Ted Fox, the zoo’s current executive director, is appreciative of Huntington and his “zoo crew,” which is composed mostly of members of the Men and Women’s Garden Club.
“The zoo has relied on Peter’s dedicated leadership and we have been fortunate to entrust aesthetic design and the beautification of our zoo grounds to him,” he said.
Carrie Large, executive director of Friends of the Zoo added: “Peter has been a wonderful presence at the zoo over the years. Week in and week out, he and his team have brought expertise, skill and energy to the maintenance of the gardens throughout our zoo. He always takes time to share his enthusiasm and passion for gardening with everyone he meets, and our zoo is grateful to have such a positive person overseeing our gardens and connecting with our guests as they walk the grounds.”
Huntington retired from his cardiologist practice when he was 68. Apart from his work at the zoo, he has been active at his church, handling all of its gardening and participating over the years in mission and outreach work, having traveled to the Dominican Republic and offering his medical expertise.

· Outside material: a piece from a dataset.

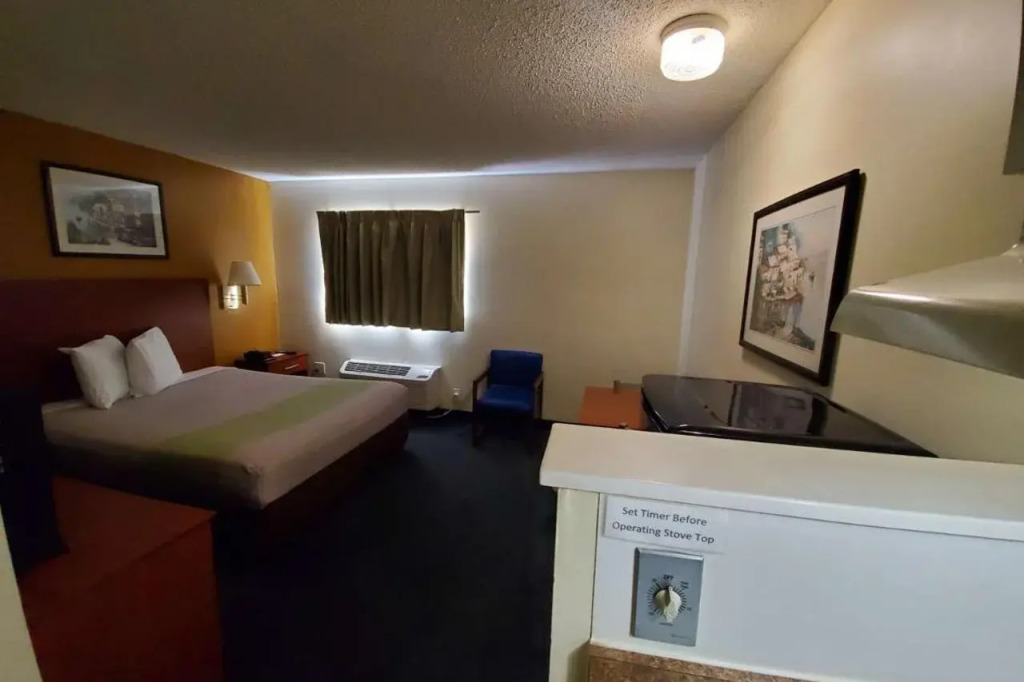 Studio 6 Extended Stay - Richmond, VA - I-64 West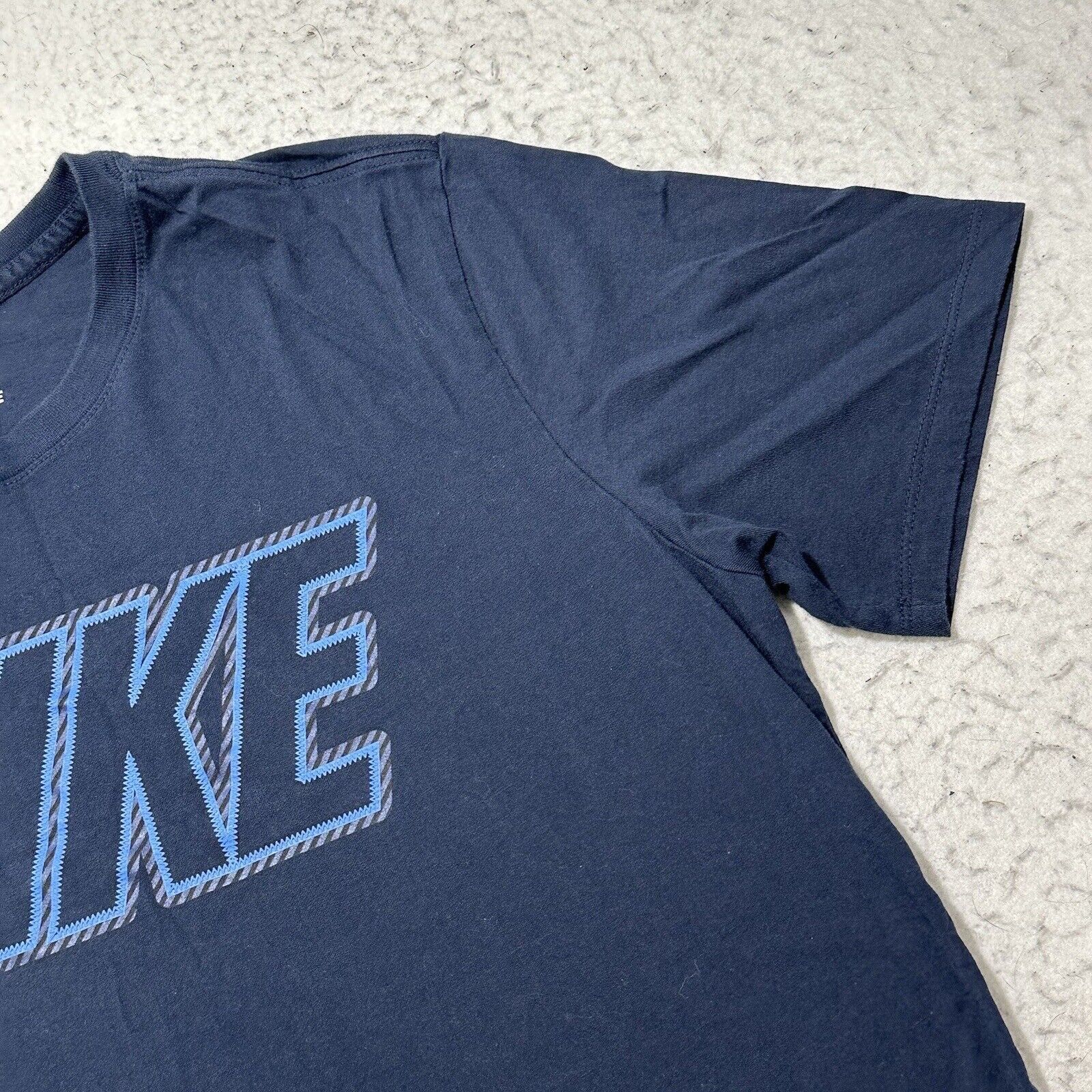Nike Nike Large Athletic Cut Navy Graphic T Shirt Spellout Logo Size US L / EU 52-54 / 3 - 4 Thumbnail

Apart from the zoo, Huntington has been very involved with the two gardening clubs for more than two decades.
Leslie Molldrem, treasurer of the Men and Women’s Garden Club, said Huntington has received numerous flower and plant awards in our club “and also our bronze club service award, the Rotunno Award, for service outside the club (the zoo crew isn’t his only garden volunteering) — and our highest award, Master Gardener.”
Huntington said gardening and work at his church helps keeps him active. At his home, he tries to walk at least 20 minutes a day (rain or shine), has no special diet (apart from trying to eat healthy foods and watching his portions) and has been fortunate to get by with little or no medical problems. He’s 6-1 and he weighs 187 — the same weight, he said, as when he was in high school.

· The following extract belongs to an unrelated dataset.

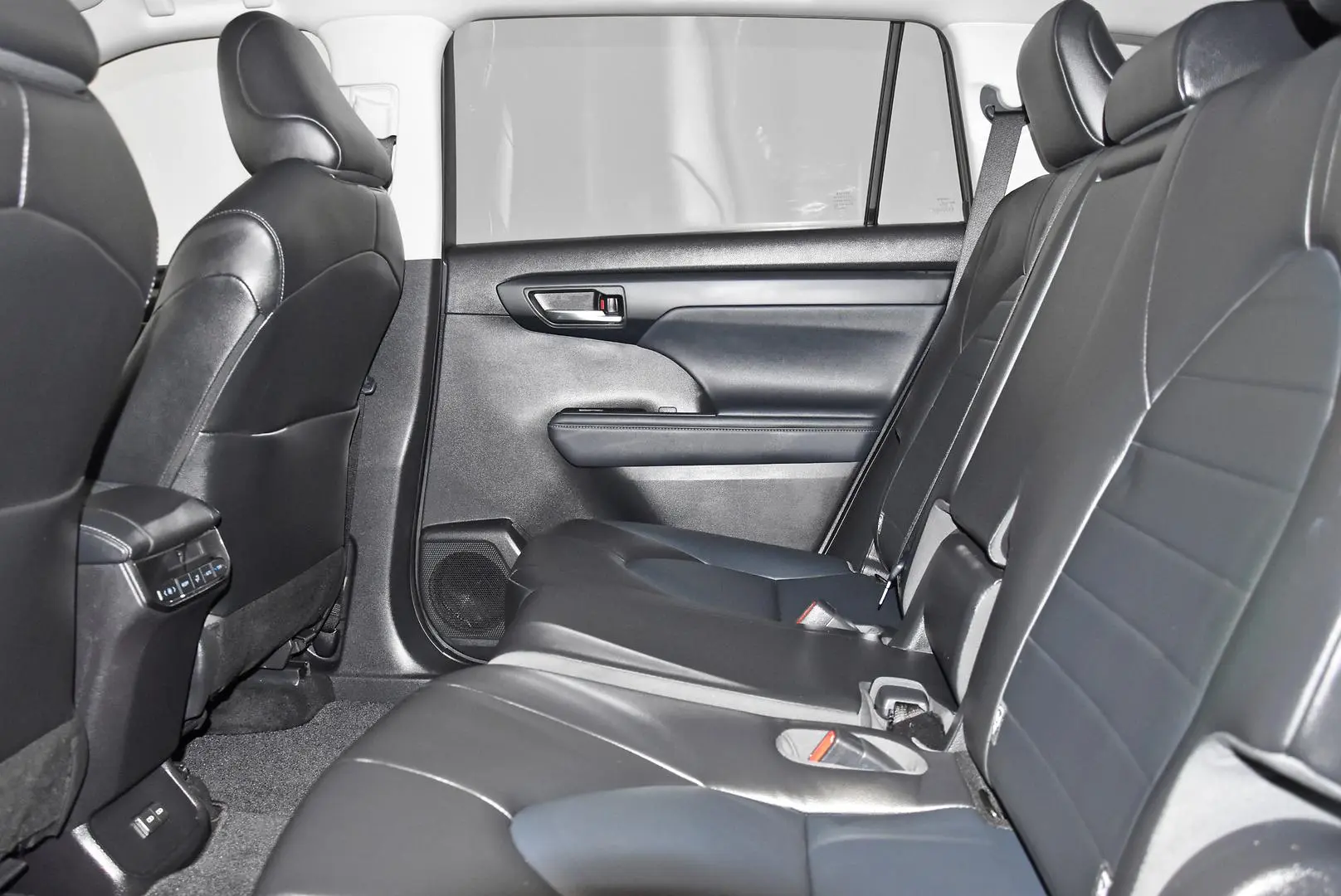 2021 Toyota Kluger Gallery Image 19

As for the zoo, Huntington said he and his ever-changing crew take turns, coming on different days. In total, they average some eight-10 hours of work each week, coming mornings before the zoo opens at 10 a.m., he said.
Geania Lasda, 75, of Camillus, has been a member of Huntington’s zoo crew for more than 10 years. She said he’s very good about coming up with ground plans for the gardens and dictates what everyone is doing.

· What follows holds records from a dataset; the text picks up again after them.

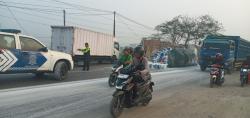Hilang Kendali saat Lalui Jalan Bergelombang, Truk Trailer Terguling di Jalan Interchange Karawang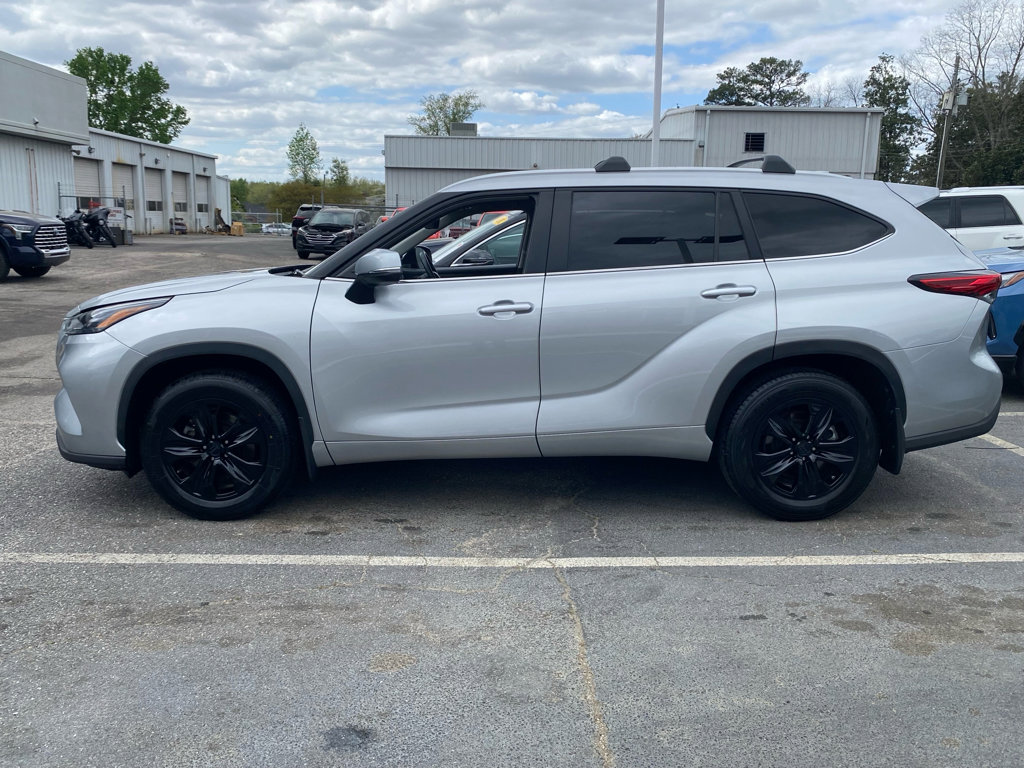 Used 2023 Toyota Highlander XLE image 3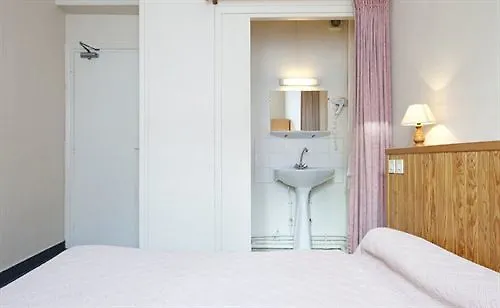 Hotel Les Arcades 2*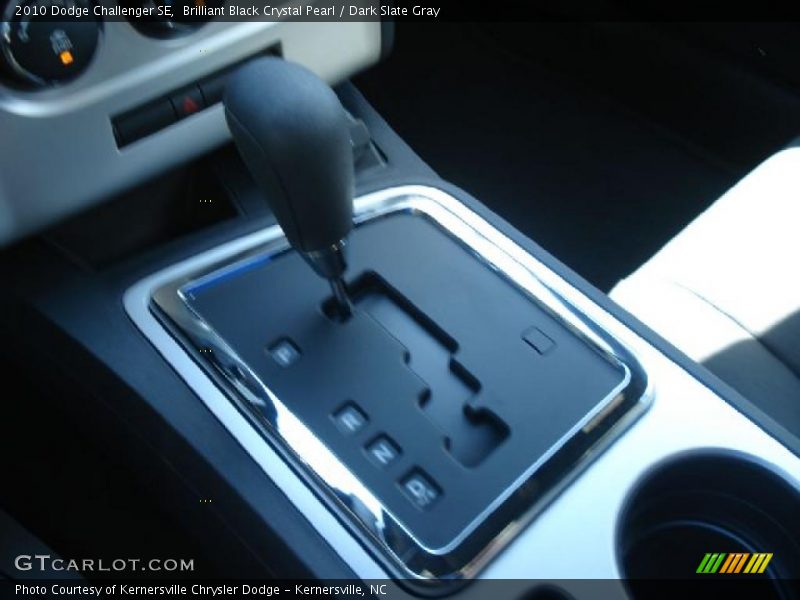 Brilliant Black Crystal Pearl / Dark Slate Gray 2010 Dodge Challenger SE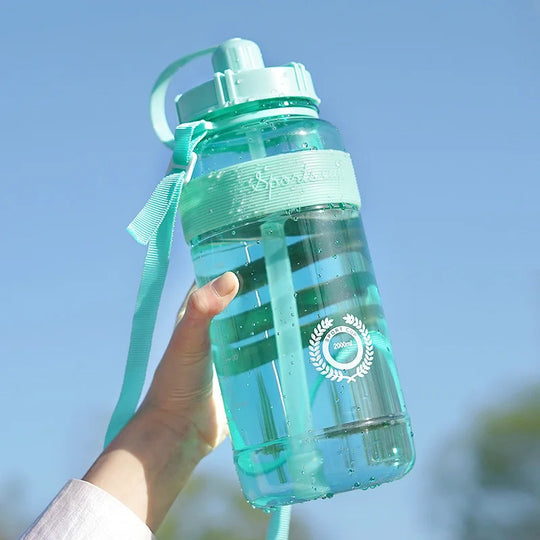 New Sport Water Bottle BPA Free Sport Drinking Water Bottle with Straw 1L 2L Plastic Water Drinking Bottle for Water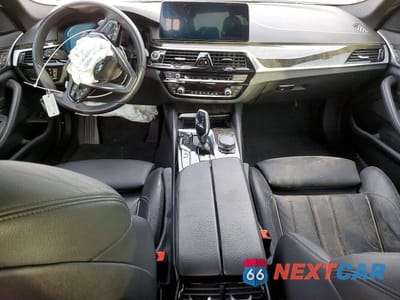 Zdjęcie 8 z 12 samochodu: 2023 BMW 530XE VIN:WBA33AG03PCL98407 - miniatura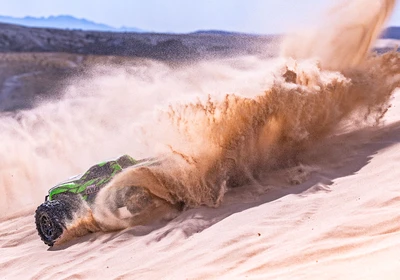 טרקסס מיני מאקסס מוכנה לנסיעה - בראשלס 4X4 בגודל 1/16 בצבע ירוק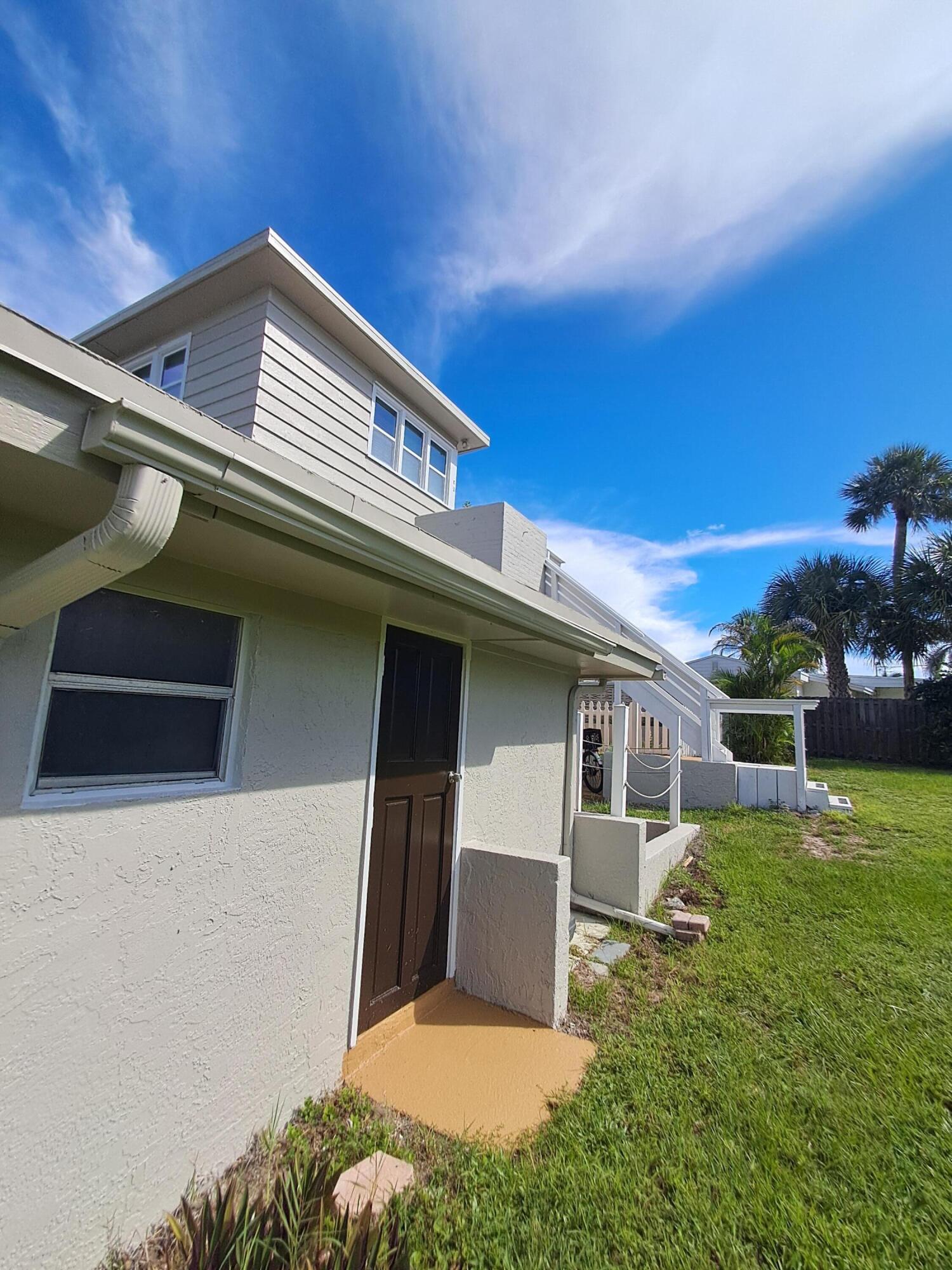 1140 Hernando Street B, Fort Pierce, FL 34949, Fort Pierce - Photo 2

“After every work session, we usually sit down for coffee for about a half hour and Peter will often talk about a particular weed or plant,” she said. “It comes so natural to him. He’s not only a good leader; he’s a good teacher and friend.”
Passion for Gardening
Peter Huntington belongs to two garden clubs.
• The Men and Women’s Garden Club of Syracuse. Meets the third Thursday of the month at 7 p.m., Reformed Church of Syracuse, 1228 Teall Ave., Syracuse. Meetings feature guest speakers on a variety of gardening and related topics. Members maintain gardens at Rosamond Gifford Zoo and Ronald McDonald House. Annual spring and fall flower shows, tours of local gardens and an annual picnic.
For further information, email firstname.lastname@example.org. The group also has a Facebook page.
• Habitat Gardening in CNY (HGCNY). Meets the last Sunday of most months at 2 p.m. Liverpool Public Library, 310 Tulip St., Liverpool. HGCNY is a chapter of Wild Ones: Native Plants, Natural Landscapes. Wild Ones promotes environmentally friendly, sound landscaping to preserve biodiversity through the preservation, restoration and establishment of native plant communities. Meetings are free and open to the public.